Psychological trauma can result from Christian puritanism, often from the guilt building up and spilling over in some way or another.
History[edit | edit source]
Marriage, such as in Christianity, is considered a cultural universal. Since marriage is valued, premarital sex is often discouraged.
The Catholic Church, through its allocation of celibacy on its members, has elevated inceldom into something honorable; that is, a choice and a calling. Although lifetime celibacy is considered appropriate for relatively few people such as priests or monks.
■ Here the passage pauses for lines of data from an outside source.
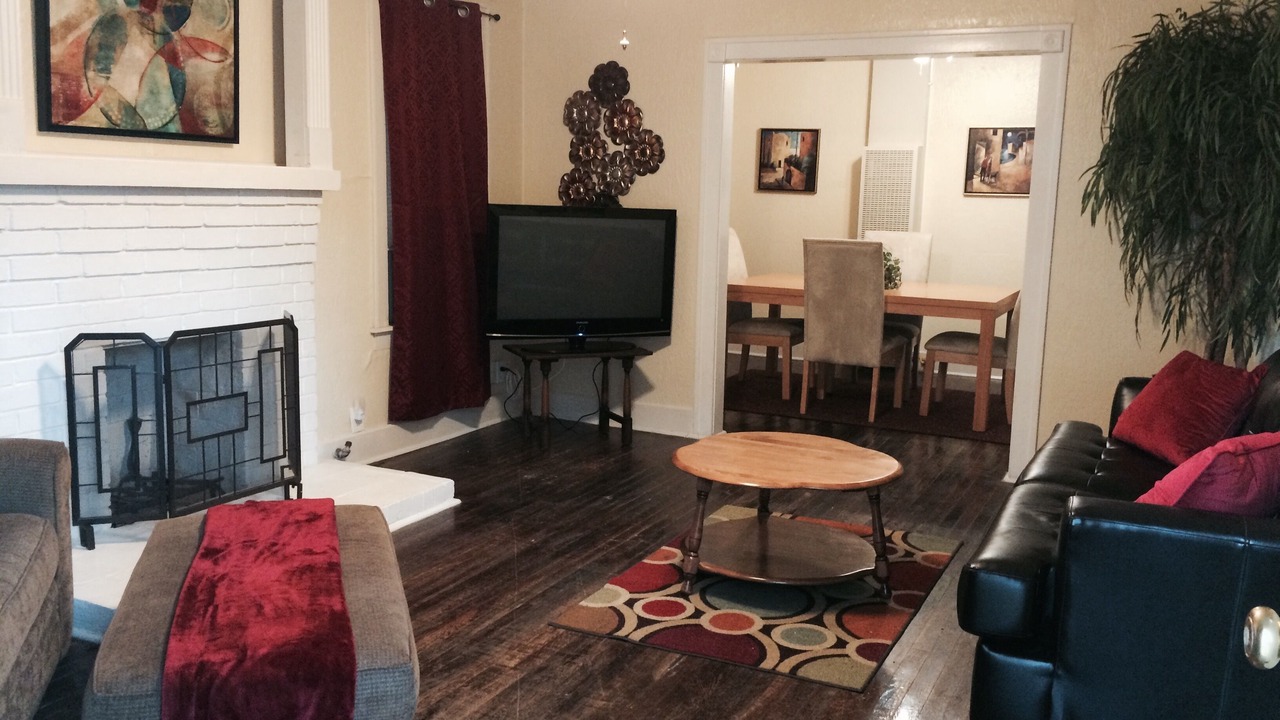 Photo of Livingroom in Northwest Los Angeles Heights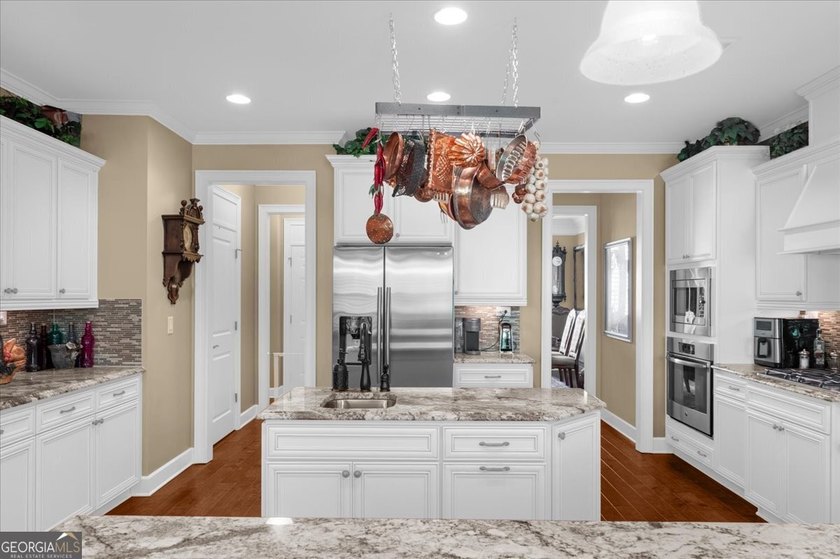 This exquisite 3-bedroom Spruce model home with exceptional - photo 36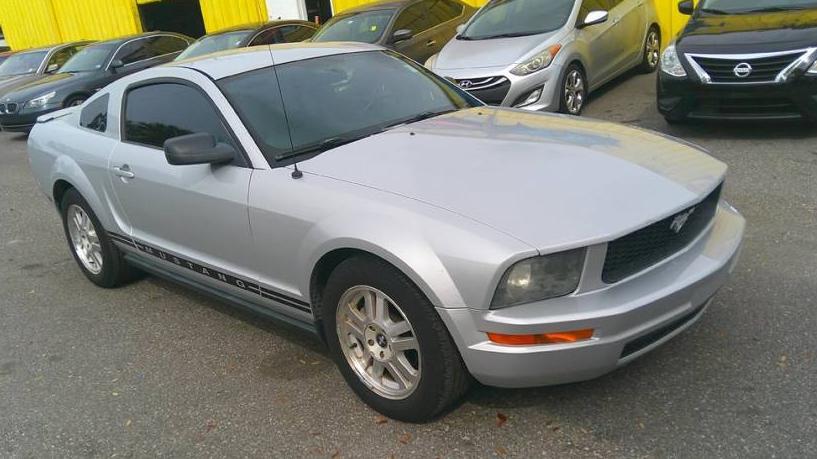 FORD MUSTANG 2007 1ZVFT80N375263878 image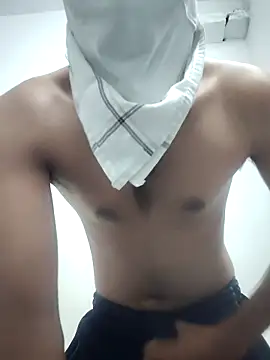 Snapshot of davidss57400 chatting on 02-21-25, 05:24 davidss57400 online show from 02-21-25, 05:24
Catholicism has been a source of inspiration to the Western world for millennia. Even traditionally Protestant nations have been influenced by the legacy of Catholicism. After all, the very word "Protestant" implies protest against Catholic rule. However, these Protestant churches did not wholly dismantle Catholic teachings. In many cases they simply tweaked some aspects of Catholicism or renounced the authority of the Pope. A major example of such a Protestant church that mainly maintained Catholic doctrines is the Anglican Church. The Protestant churches which made a few adjustments to their teachings in the medieval era in a sense simply became "neo-Catholic".
In the 1800s, the protestant Christian book, Pillars of Truth, by Erastus Otis Haven criticized the Catholic Church for enforcing inceldom.
Tertullian can be seen as an early Christocel, as he wrote very much against female hypergamy and was celibate himself.